Weekly Spiff: A Buck a Try On
You ran this one in January. If it worked, you already know why we’re bringing it back. If you skipped it, April is an even better time to start — because Mother’s Day, prom, and graduation are all bearing down at once.
The mechanics haven’t changed: every time a salesperson gets a customer to try on a piece of jewelry, they earn $1. Each additional piece earns another dollar. The item has to actually go on the body — holding doesn’t count. Pay out at closing in a quick team ceremony.
What’s different in April is the context. Every customer in your store right now has a gift occasion either on their mind or right around the corner. The try-on is still the goal — but this month, coach your staff to plant the seed while the piece is still on.

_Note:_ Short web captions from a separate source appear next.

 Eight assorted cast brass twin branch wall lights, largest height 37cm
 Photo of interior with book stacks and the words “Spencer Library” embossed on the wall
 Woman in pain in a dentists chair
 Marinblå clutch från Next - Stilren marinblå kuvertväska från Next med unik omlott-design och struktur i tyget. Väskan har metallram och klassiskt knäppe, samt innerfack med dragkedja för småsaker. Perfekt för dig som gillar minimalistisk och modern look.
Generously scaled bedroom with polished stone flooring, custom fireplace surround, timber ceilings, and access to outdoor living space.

- Get the piece on the customer’s body first. That’s still the whole game.
- Once it’s on, make the connection: “That looks incredible on you. Mother’s Day is coming up — would it be helpful if I wrote down the details so you could share them?”
- Same approach works for graduation and prom: get it on, let them see it, then name the occasion.

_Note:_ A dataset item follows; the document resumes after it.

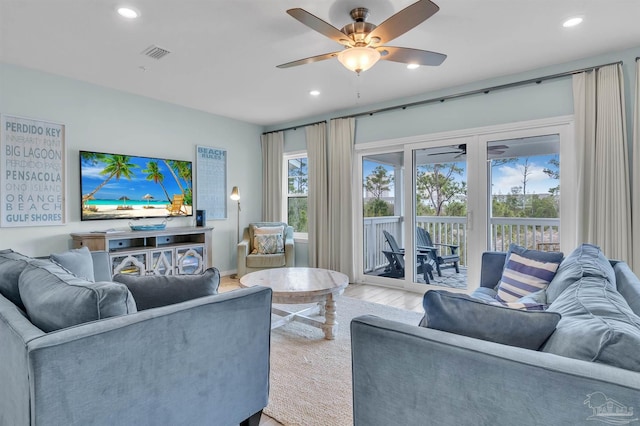 living area featuring ceiling fan, visible vents, wood finished floors, and recessed lighting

Why it works: A customer who tries something on and loves it but doesn’t buy it isn’t a lost sale — she’s a future sale waiting for the right moment. Your staff’s job this month is to make sure that moment has a roadmap. The try-on starts it. The suggestion closes the loop.
DISCLAIMER: Spiffs are not appropriate for every store, but can add a sense of excitement to the sales process for some. It depends on your store, and it depends on your staff. If you haven’t tried these, give it a try and see what happens. But if you do try it, make a big deal of it.